Start with the given measurement: [katex]\text{5 km}[/katex]
Use the conversion factors for kilometers to meters and meters to millimeters: [katex]\text{5 km} \times \frac{10^3 \, \text{m}}{1 \, \text{km}} \times \frac{10^3 \, \text{mm}}{1 \, \text{m}}[/katex]

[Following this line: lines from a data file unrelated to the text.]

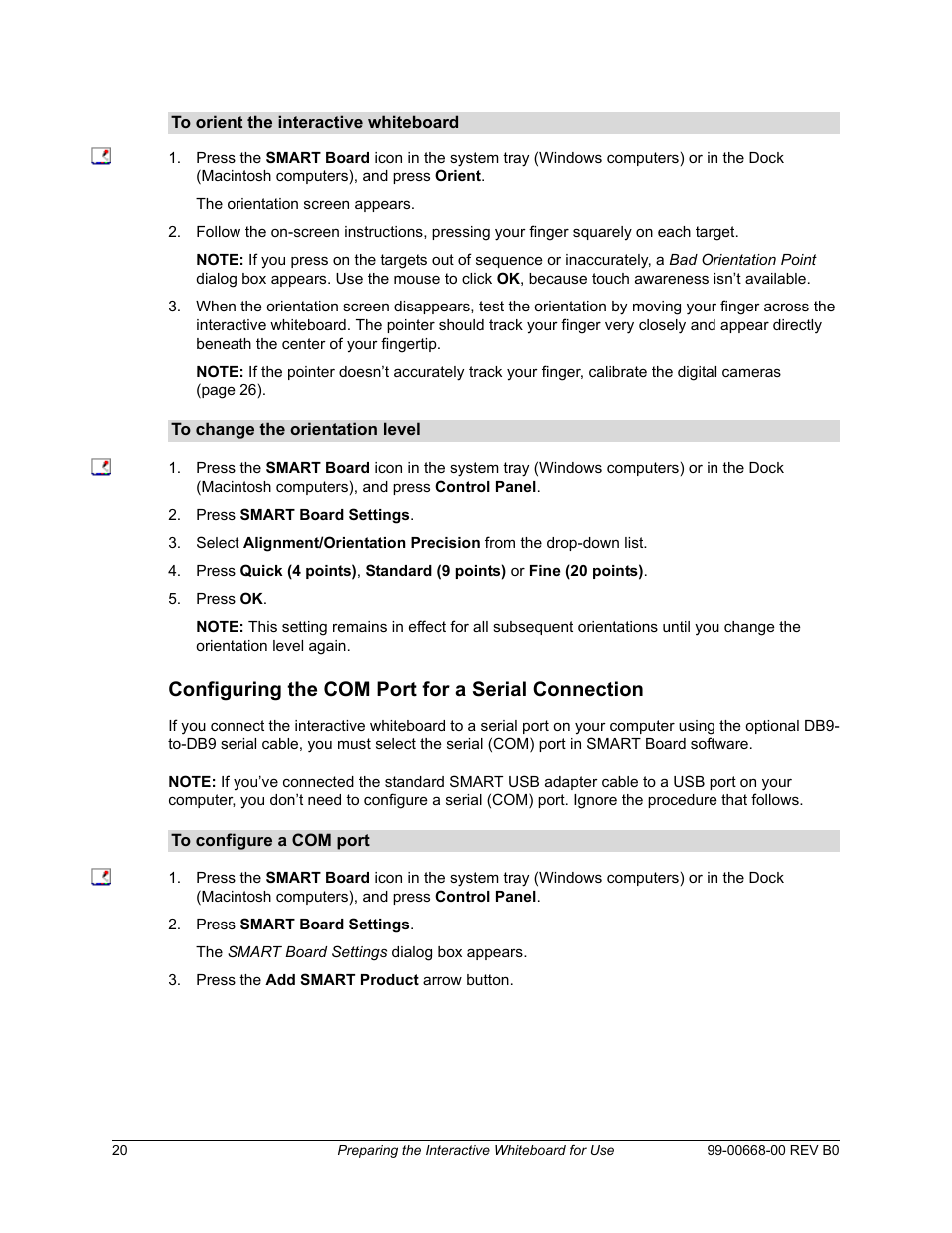 Configuring the com port for a serial connection | Smart Technologies Smart Board For Flat-PanelDisplays 99-00668-00 User Manual | Page 28 / 40
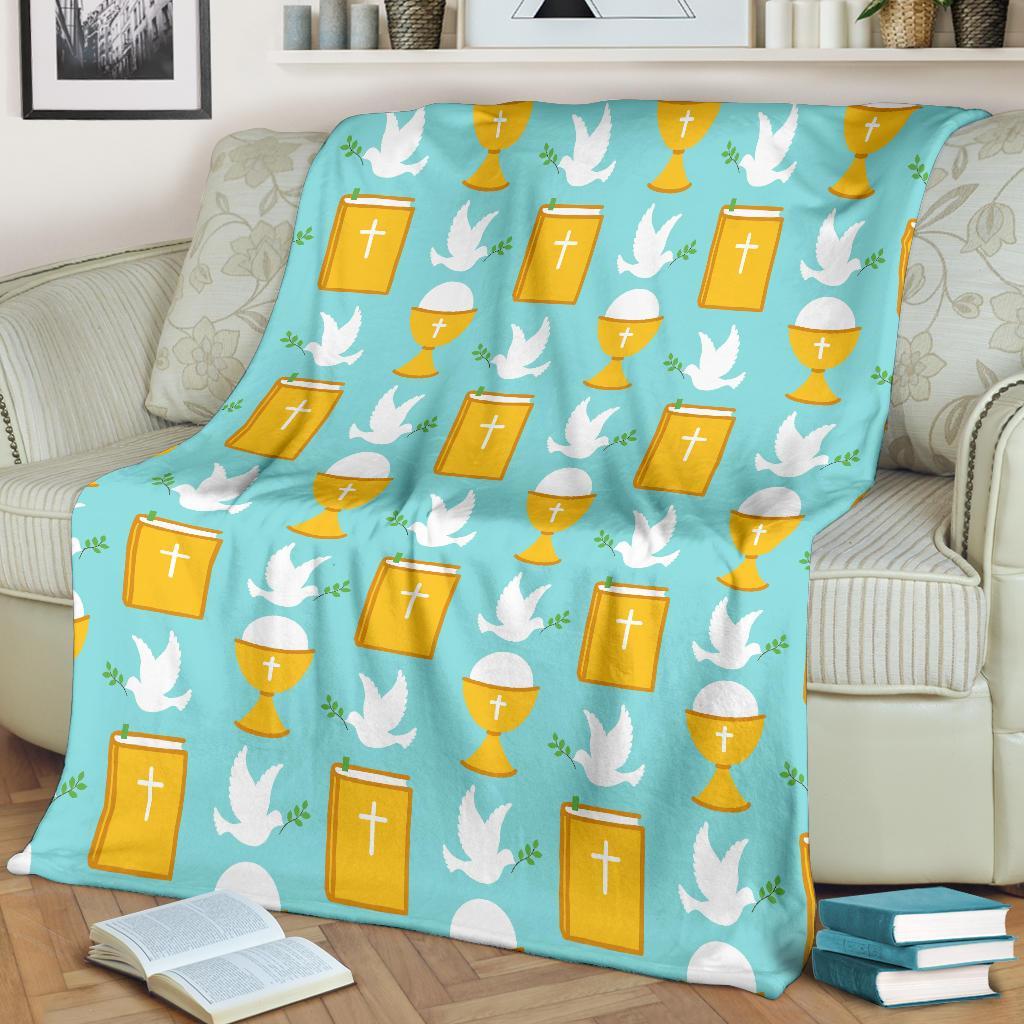 Christian Dove Pattern Print Blanket-grizzshop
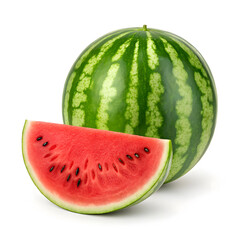 Watermelon with a Slice Showing Red Flesh and Seeds on White fruit food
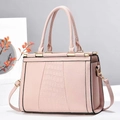 Pink faux crocodile leather tote bag for women with golden hardware and top handles - Pink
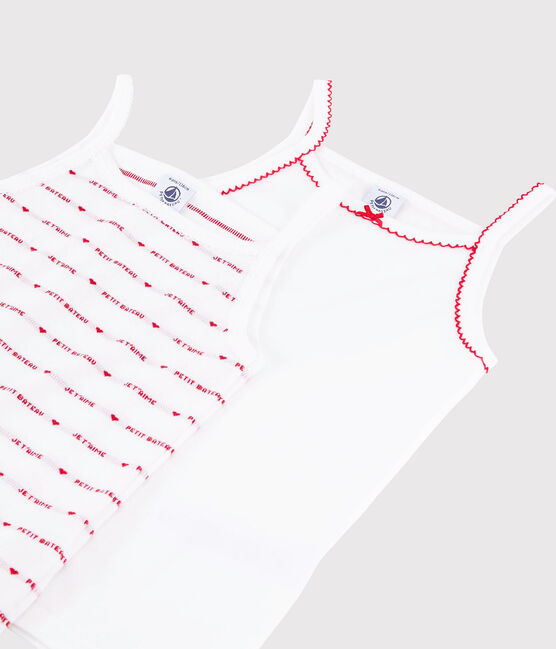 Confezione da 2 canottiere con spalline "Petit Bateau Je t'aime" bambina variante 1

Perform the multiplication: [katex]\text{5 km} \times \frac{10^3 \, \text{m}}{1 \, \text{km}} \times \frac{10^3 \, \text{mm}}{1 \, \text{m}} = 5 \times 10^3 \times 10^3 \, \text{mm}[/katex]
Simplify to get the final answer: [katex]\boxed{5 \times 10^6 \, \text{mm}}[/katex]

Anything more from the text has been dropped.